Yes. It should be larger than a pin hole, so never have seen this - maybe the Chinese quality control missed this one. Maybe the housing serves a dual purpose in that some Pontiac's do not have a return line while most AC cars will. So they make 1 base so it will be applicable for the non-return line applications and then simply drill that fitting out for applications needing the return line. Only way to find out is when you fire it up. If it pushes out gas the minute you fire up the engine, just plug it off with a piece of rubber hose, bolt, and 2 hose clamps.
That's my cheapo but practical fix.


----------



## Lemans guy (Oct 14, 2014)

Right the return orifices are small, and the line is usually 1/4 inch. One the fuel filter the return line opening is very small about .060......that is the diameter of the whole I use on my homemade return line after the fuel log.

Return lines are not vapor lines, they return liquid fuel but the purpose is to keep fuel moving in small amounts so that the fuel does not dead head in the line between the pump and the tank, if it does the vacumn pulled will lower the pressure in the line and lower pressure allows fuel to boil at a lower temperature and turn to vapor.....vapor won’t pump...so vapor lock.

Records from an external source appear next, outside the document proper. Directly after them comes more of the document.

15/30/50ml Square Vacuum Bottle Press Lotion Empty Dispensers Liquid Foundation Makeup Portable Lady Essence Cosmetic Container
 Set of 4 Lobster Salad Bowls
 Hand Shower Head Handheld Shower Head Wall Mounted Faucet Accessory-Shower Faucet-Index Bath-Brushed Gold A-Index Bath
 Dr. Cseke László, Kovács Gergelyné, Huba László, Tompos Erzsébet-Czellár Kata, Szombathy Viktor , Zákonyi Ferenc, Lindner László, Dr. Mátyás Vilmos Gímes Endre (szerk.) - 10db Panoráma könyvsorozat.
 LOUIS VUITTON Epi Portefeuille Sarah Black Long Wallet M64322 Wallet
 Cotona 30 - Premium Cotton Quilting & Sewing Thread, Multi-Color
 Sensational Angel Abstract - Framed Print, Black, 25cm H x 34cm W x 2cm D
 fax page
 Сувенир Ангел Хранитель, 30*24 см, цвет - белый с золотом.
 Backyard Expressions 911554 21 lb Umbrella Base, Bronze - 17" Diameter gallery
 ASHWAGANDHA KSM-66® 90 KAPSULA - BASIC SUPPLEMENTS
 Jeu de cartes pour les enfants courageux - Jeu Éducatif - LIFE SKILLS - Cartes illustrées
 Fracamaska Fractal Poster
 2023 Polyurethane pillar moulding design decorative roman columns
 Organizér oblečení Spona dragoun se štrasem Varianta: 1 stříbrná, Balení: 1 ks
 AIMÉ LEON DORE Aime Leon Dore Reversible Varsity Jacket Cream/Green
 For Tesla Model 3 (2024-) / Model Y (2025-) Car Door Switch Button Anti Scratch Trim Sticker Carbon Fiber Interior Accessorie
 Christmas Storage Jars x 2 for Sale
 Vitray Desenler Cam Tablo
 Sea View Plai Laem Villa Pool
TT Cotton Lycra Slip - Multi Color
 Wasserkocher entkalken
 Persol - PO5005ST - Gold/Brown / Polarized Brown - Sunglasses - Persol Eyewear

just look up the pump specs and see if it says it has a return line.....if that is the only line that is it. Hard to tell the size of the orifice, but a return orifice is small or the pump would lose too much pressure. Pumps also have a small vent hole, sometimes on top....

try PJ’stest use a bucket.....it it squirts has like PJ said that is it...lots of 67 and later pumps had a return fitting.


----------